Pero de la misma manera que he protestado contra la ambigua situación de esos prisioneros que estaban al mismo tiempo dentro y fuera de la prisión (¡incluso he visto cómo sus esposas les lavaban los pantalones a rayas y los tendían a secar!), debería oponerme radicalmente a cualquier cambio o ruptura en mi modo de vida. Si, por ejemplo, cayese enfermo y tuviera que acudir a la enfermería de la prisión, o si poco después de llegar tuviera que trasladarme a otra celda, cualquiera de estos incidentes me perturbaría seriamente, y debería empezar de nuevo desde cero.

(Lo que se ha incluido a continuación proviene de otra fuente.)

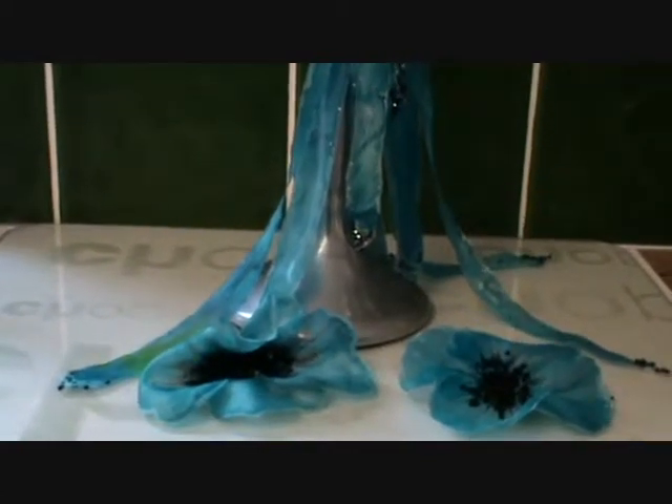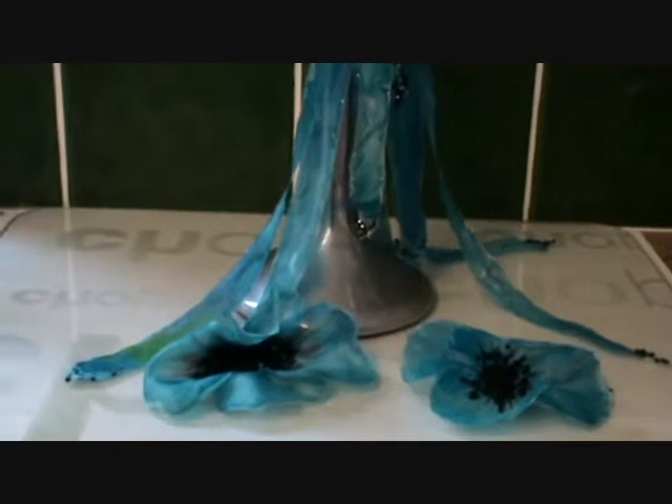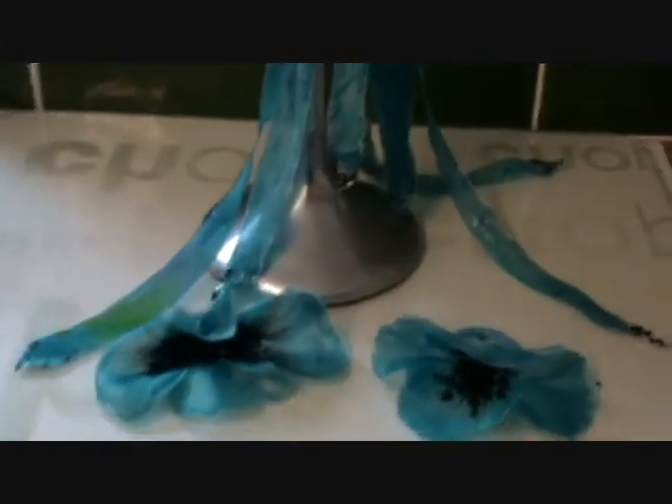Hi there, it's Sharon here from Butterfly Lullaby. Here are some of my beautiful handmade ribbons I've made and hand-painted.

Es natural que en estas circunstancias haya pensado a menudo en alistarme en nuestro ejército o en nuestra marina. En alguna ocasión he permanecido una hora en la acera estudiando los carteles de las oficinas de reclutamiento: el retrato oval de un soldado o marinero rodeado de escenas que representan su «vida». Pero me parece que al marinero lo pueden trasladar de un barco a otro sin ni siquiera pedirle su opinión; y además también creo que a una persona de mi temperamento tiene que resultarle profundamente ingrata la contemplación del mar. En las risueñas fotografías que rodean la gallarda cabeza del soldado lo he visto «cumpliendo con su trabajo»: construyendo carreteras, pelando patatas, etc. Aparte de las remotas posibilidades de servicio activo, estas fotografías serían suficientes por sí mismas para disuadirme de incorporarme a filas.
Pueden ustedes decir —algunas personas me lo han dicho— que hubieran sido más felices en la época más floreciente del orden religioso, e imagino que eso se aproxima mucho a la verdad. Pero incluso en este caso tengo mis dudas, y la diferencia entre Libertad y Necesidad vuelve a emerger para confundirme. «La libertad es el conocimiento de la necesidad»; no hay otra cosa en la que crea más ardientemente. Y les aseguro que actuar de este modo es el único paso lógico que puedo dar. Quiero decir, claro está, que el verme obligado a actuar de este modo es el único paso lógico que puedo dar.